-- TASK INPUT follows --

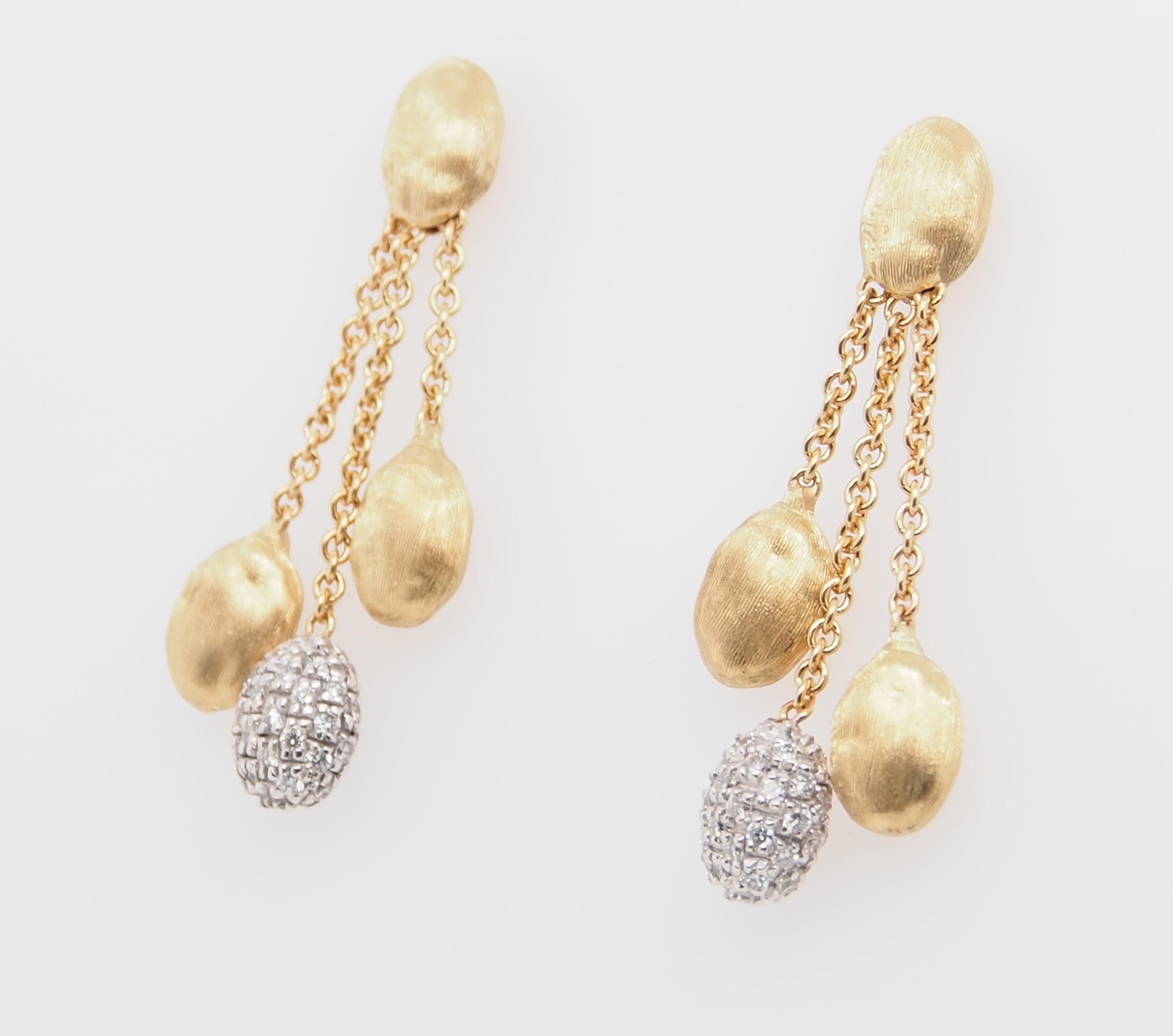 A classic from Marco Bicego Siviglia Collection 18K yellow gold Three Strand Earrings with a Diamond pave ball. (84) Round Brilliant Cut diamonds are pave set .63 carat total weight G-H in color VS in clarity. The earrings weigh 6.2 grams are 1 1/4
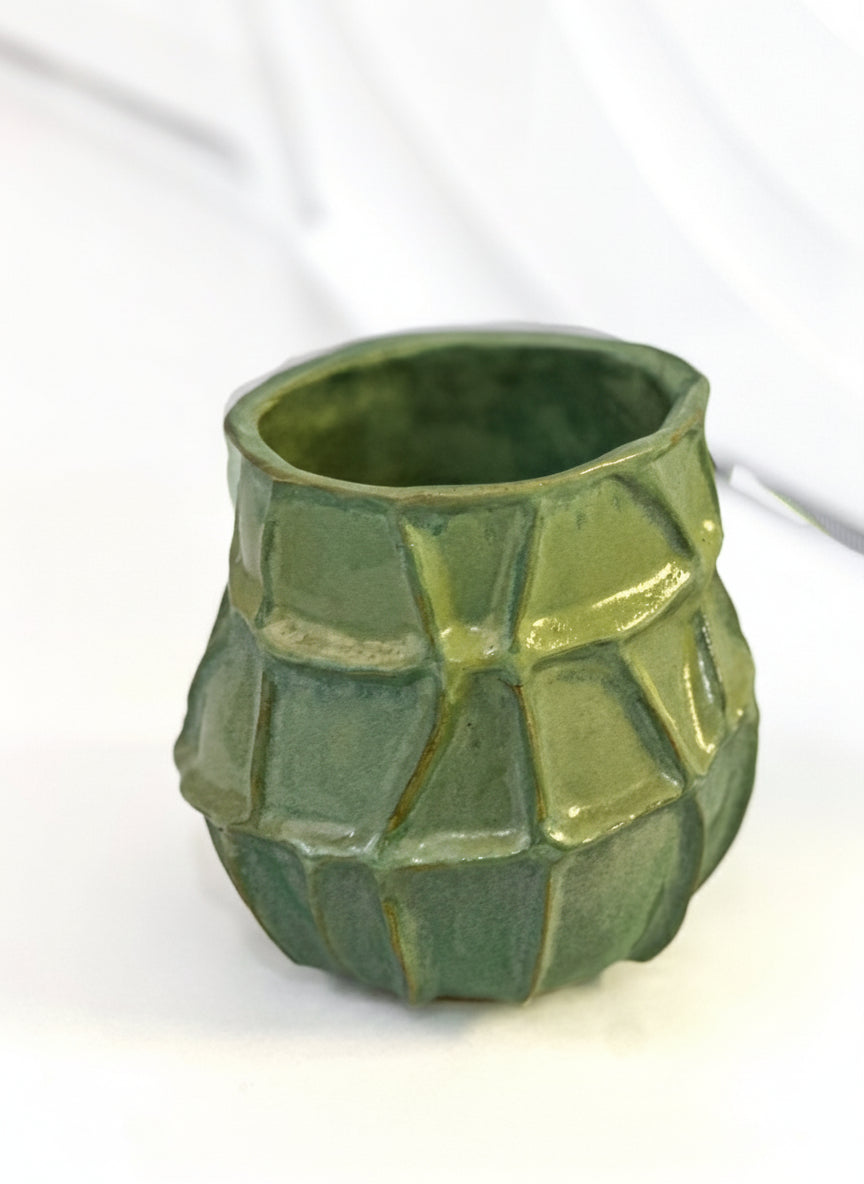 Green ceramic vase with textured surface on a white background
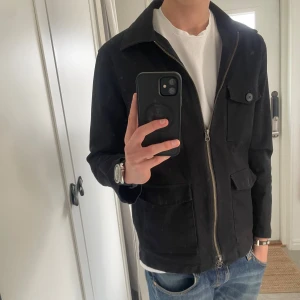 Svart jacka från John Henric - Snygg svart jacka från John Henric med dragkedja och knappar. Jackan har två bröstfickor och två fickor nedtill, alla med knappstängning. Perfekt för en stilren look.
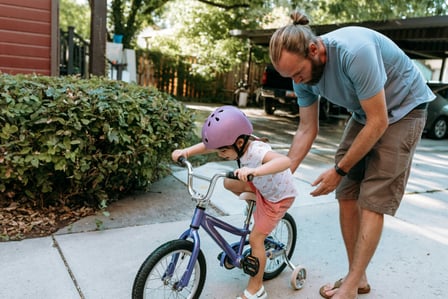 Bike riding helmet young girl dad training wheels learning teaching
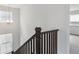 Staircase features dark wood railings and trim, with bright lighting from nearby windows at 39152 Clymer St, Elizabeth, CO 80107
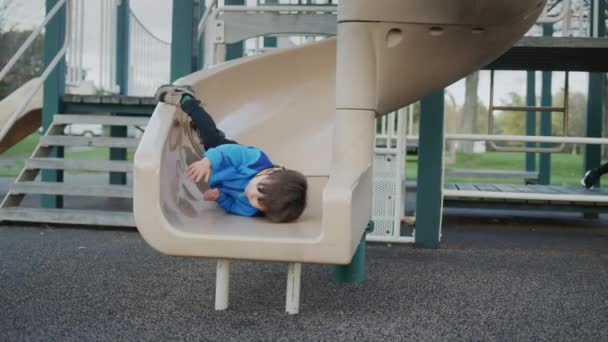 Ein kleiner Junge schlägt beim Abstieg von einer Kinderrutsche mit dem Kopf auf. Verletzungen bei Kindern. — Stockvideo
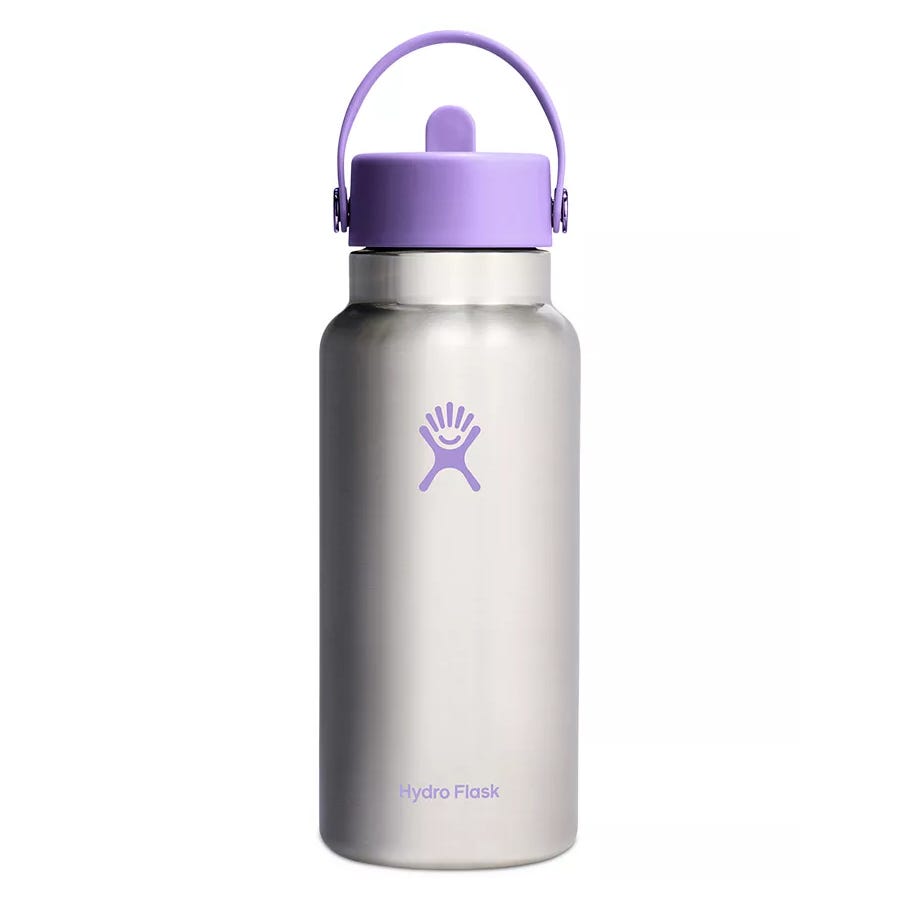 Stainless steel water bottle with a wide mouth, featuring a lavender-colored lid and logo. Designed for insulation and temperature retention.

-- TASK INPUT concluded --

▶ _WORK INSTRUCTION_
Write out every record exactly. Leave the pictures out.

▶ _RESULT_
 A classic from Marco Bicego Siviglia Collection 18K yellow gold Three Strand Earrings with a Diamond pave ball. (84) Round Brilliant Cut diamonds are pave set .63 carat total weight G-H in color VS in clarity. The earrings weigh 6.2 grams are 1 1/4
 Green ceramic vase with textured surface on a white background
 Svart jacka från John Henric - Snygg svart jacka från John Henric med dragkedja och knappar. Jackan har två bröstfickor och två fickor nedtill, alla med knappstängning. Perfekt för en stilren look.
 Bike riding helmet young girl dad training wheels learning teaching
 Staircase features dark wood railings and trim, with bright lighting from nearby windows at 39152 Clymer St, Elizabeth, CO 80107
 Ein kleiner Junge schlägt beim Abstieg von einer Kinderrutsche mit dem Kopf auf. Verletzungen bei Kindern. — Stockvideo
 Stainless steel water bottle with a wide mouth, featuring a lavender-colored lid and logo. Designed for insulation and temperature retention.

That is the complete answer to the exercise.